What to produce: Beneath this line are entries. Copy the range from the line with "Snapshot of CamilaHarperr_" to the line with "车300:奥迪也有卖不动的车,6.7秒破百,售价降7.8万月销仅192台", ends included, exactly; leave pictures out.

Data:
--------------------

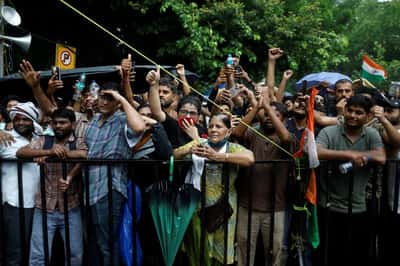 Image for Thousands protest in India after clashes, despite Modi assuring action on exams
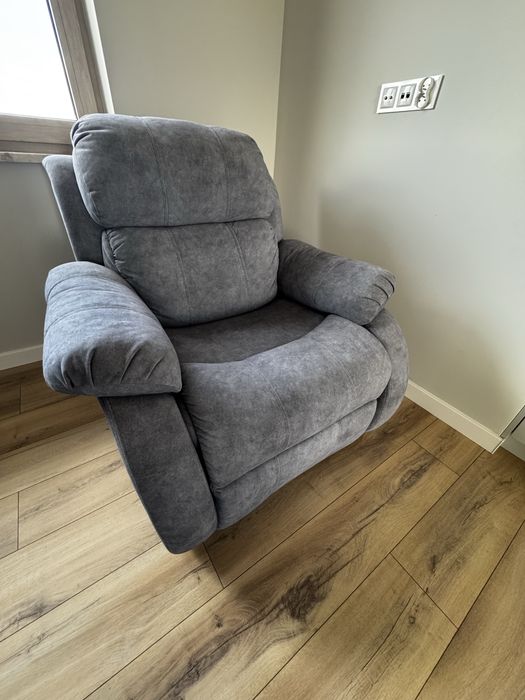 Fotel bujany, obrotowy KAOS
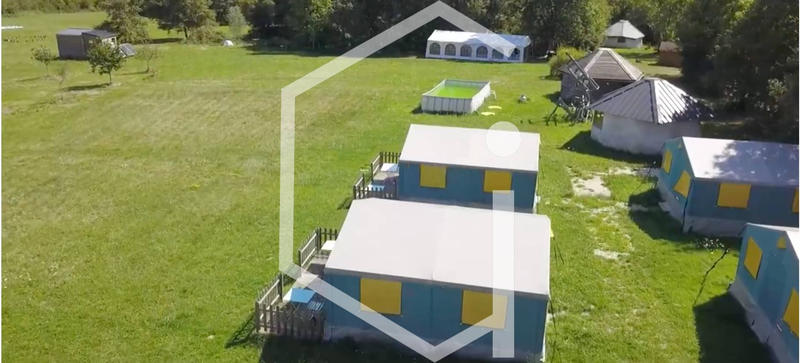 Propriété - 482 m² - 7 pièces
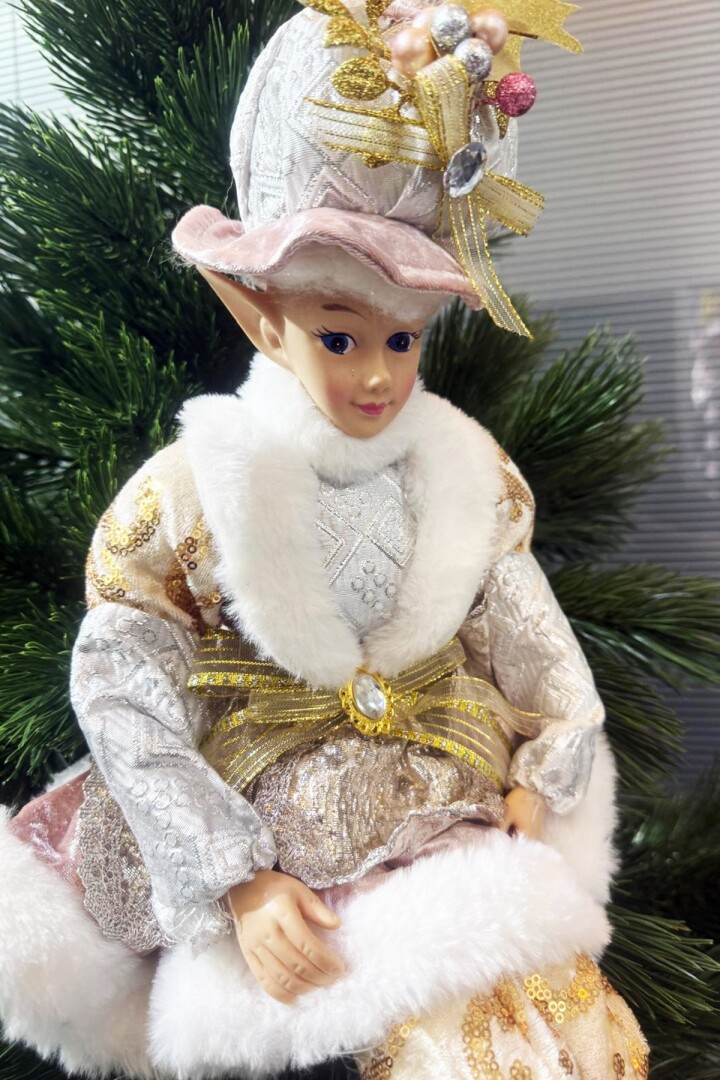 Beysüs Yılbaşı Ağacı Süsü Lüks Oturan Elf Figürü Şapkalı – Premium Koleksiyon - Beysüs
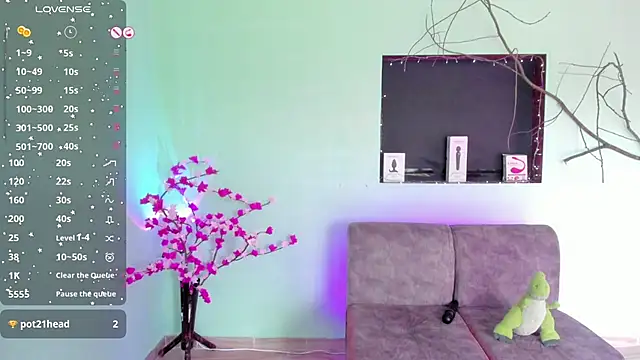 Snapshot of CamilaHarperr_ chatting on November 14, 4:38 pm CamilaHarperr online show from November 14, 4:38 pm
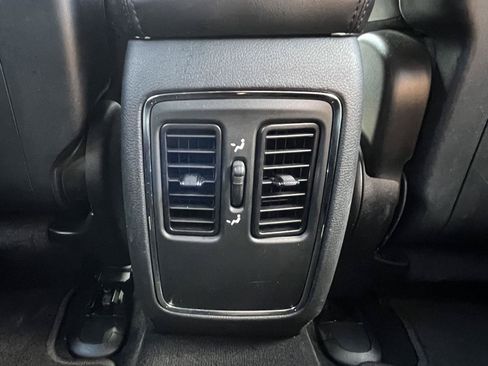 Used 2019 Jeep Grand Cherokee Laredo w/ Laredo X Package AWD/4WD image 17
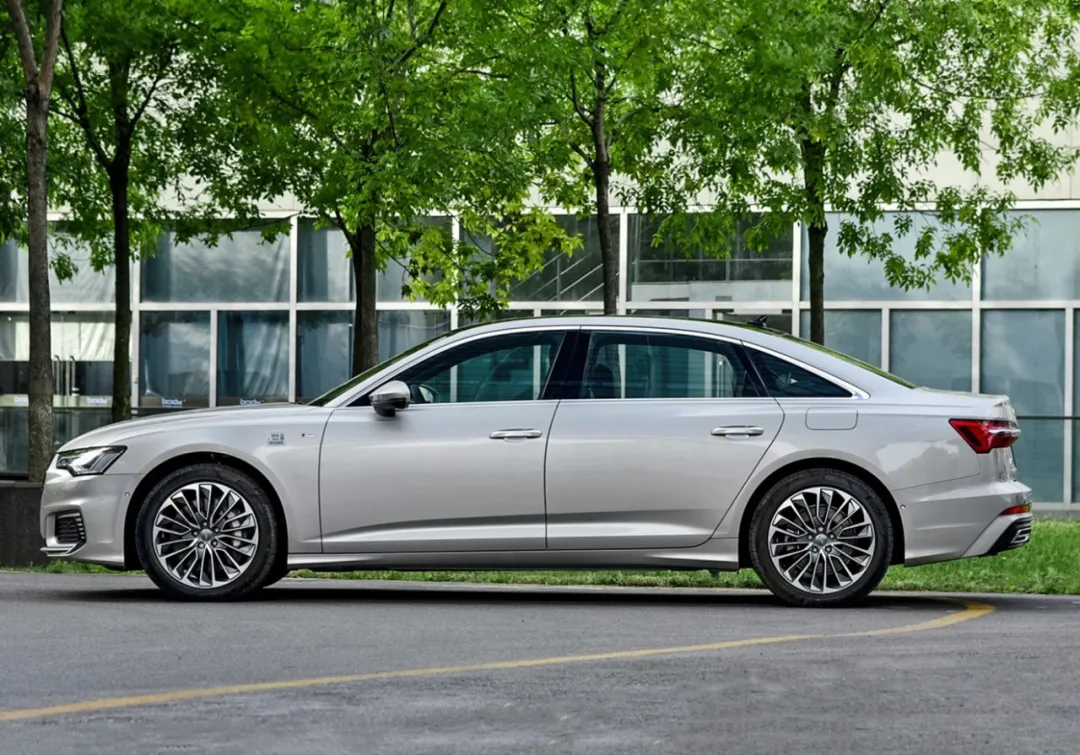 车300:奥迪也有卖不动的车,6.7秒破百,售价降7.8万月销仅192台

--------------------

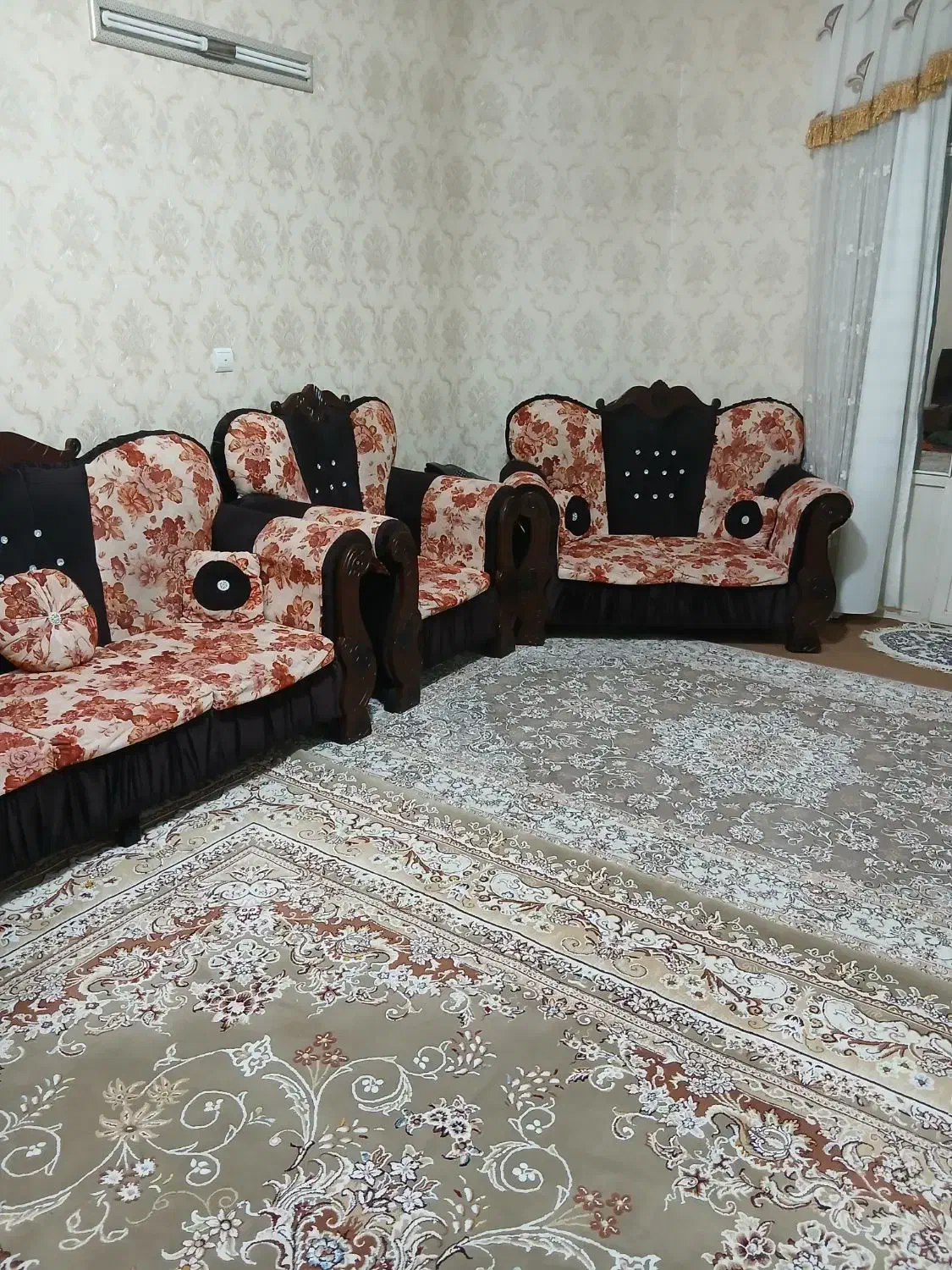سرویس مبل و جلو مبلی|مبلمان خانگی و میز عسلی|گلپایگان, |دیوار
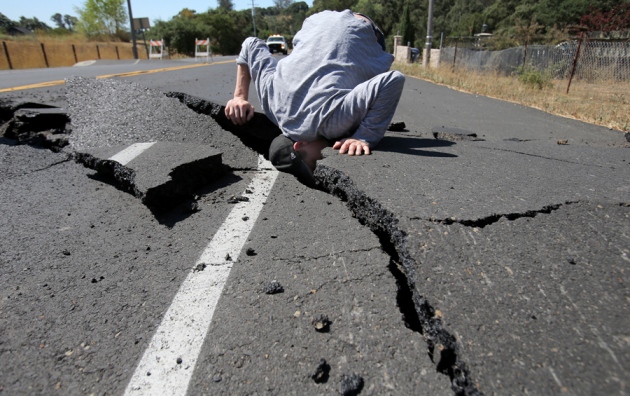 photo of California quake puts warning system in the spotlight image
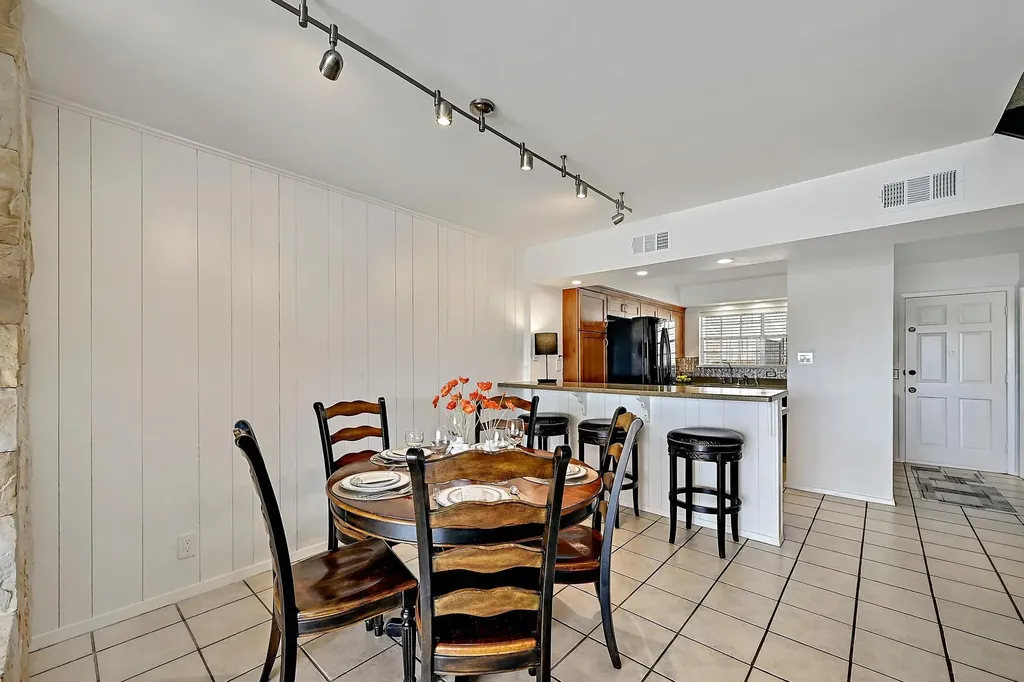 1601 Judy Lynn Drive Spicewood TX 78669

--------------------

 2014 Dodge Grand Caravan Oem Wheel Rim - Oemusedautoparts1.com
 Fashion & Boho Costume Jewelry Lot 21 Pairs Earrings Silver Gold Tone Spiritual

--------------------

Result of the task:
 Snapshot of CamilaHarperr_ chatting on November 14, 4:38 pm CamilaHarperr online show from November 14, 4:38 pm
 Used 2019 Jeep Grand Cherokee Laredo w/ Laredo X Package AWD/4WD image 17
 车300:奥迪也有卖不动的车,6.7秒破百,售价降7.8万月销仅192台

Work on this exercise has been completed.